Recorded data
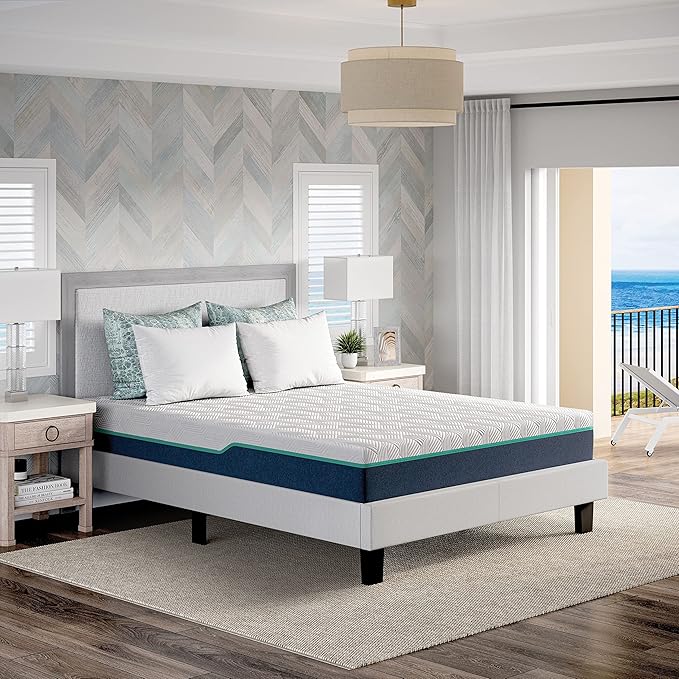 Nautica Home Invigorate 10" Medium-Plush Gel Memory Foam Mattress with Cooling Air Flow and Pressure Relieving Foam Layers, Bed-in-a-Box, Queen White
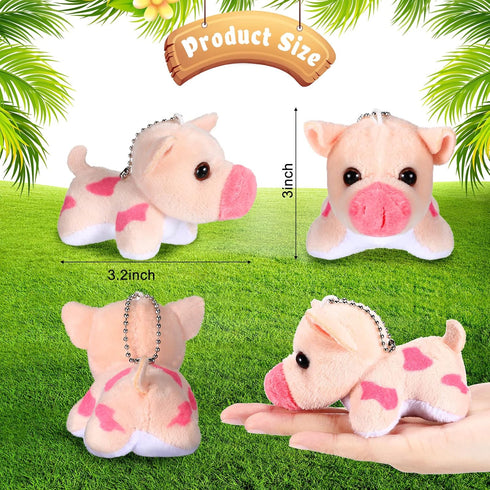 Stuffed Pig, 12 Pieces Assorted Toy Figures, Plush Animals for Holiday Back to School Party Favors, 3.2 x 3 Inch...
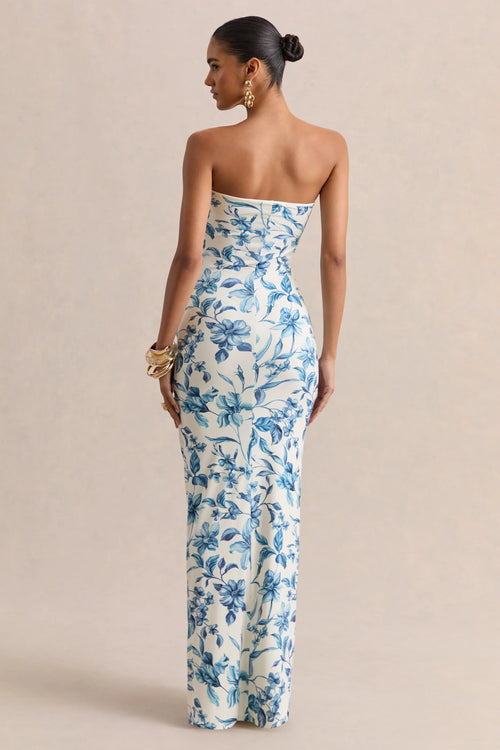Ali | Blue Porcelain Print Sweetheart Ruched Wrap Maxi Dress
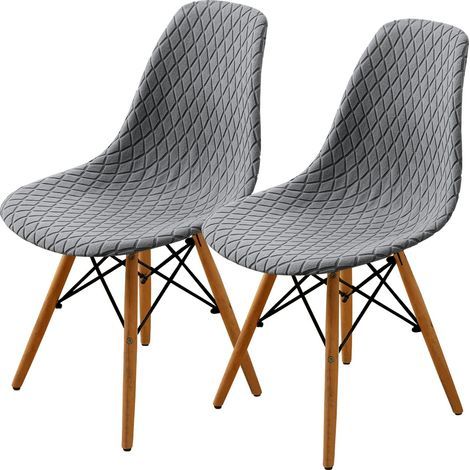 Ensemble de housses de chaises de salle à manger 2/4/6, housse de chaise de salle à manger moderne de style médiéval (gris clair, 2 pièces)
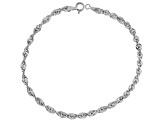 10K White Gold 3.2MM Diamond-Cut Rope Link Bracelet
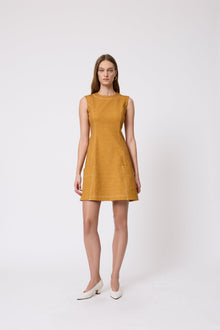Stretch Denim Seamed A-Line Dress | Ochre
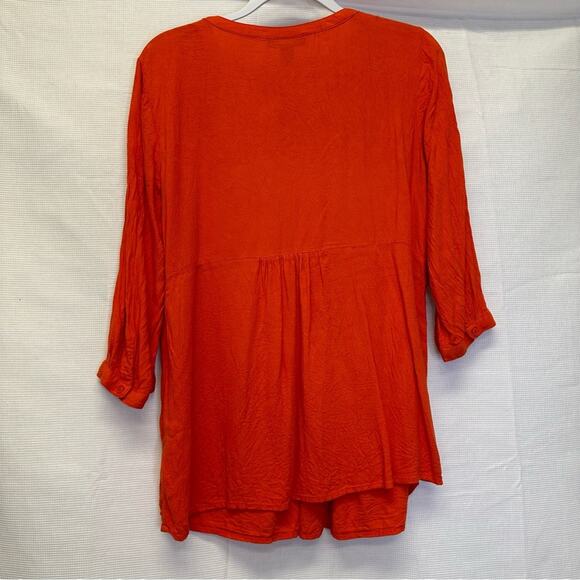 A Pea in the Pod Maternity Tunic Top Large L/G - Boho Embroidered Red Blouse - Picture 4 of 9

**WHAT YOU HAVE TO DO**
For each entry above, write it out again exactly but leave out any picture.

**EXPECTED OUTPUT**
 Nautica Home Invigorate 10" Medium-Plush Gel Memory Foam Mattress with Cooling Air Flow and Pressure Relieving Foam Layers, Bed-in-a-Box, Queen White
 Stuffed Pig, 12 Pieces Assorted Toy Figures, Plush Animals for Holiday Back to School Party Favors, 3.2 x 3 Inch...
Ali | Blue Porcelain Print Sweetheart Ruched Wrap Maxi Dress
 Ensemble de housses de chaises de salle à manger 2/4/6, housse de chaise de salle à manger moderne de style médiéval (gris clair, 2 pièces)
 10K White Gold 3.2MM Diamond-Cut Rope Link Bracelet
Stretch Denim Seamed A-Line Dress | Ochre
 A Pea in the Pod Maternity Tunic Top Large L/G - Boho Embroidered Red Blouse - Picture 4 of 9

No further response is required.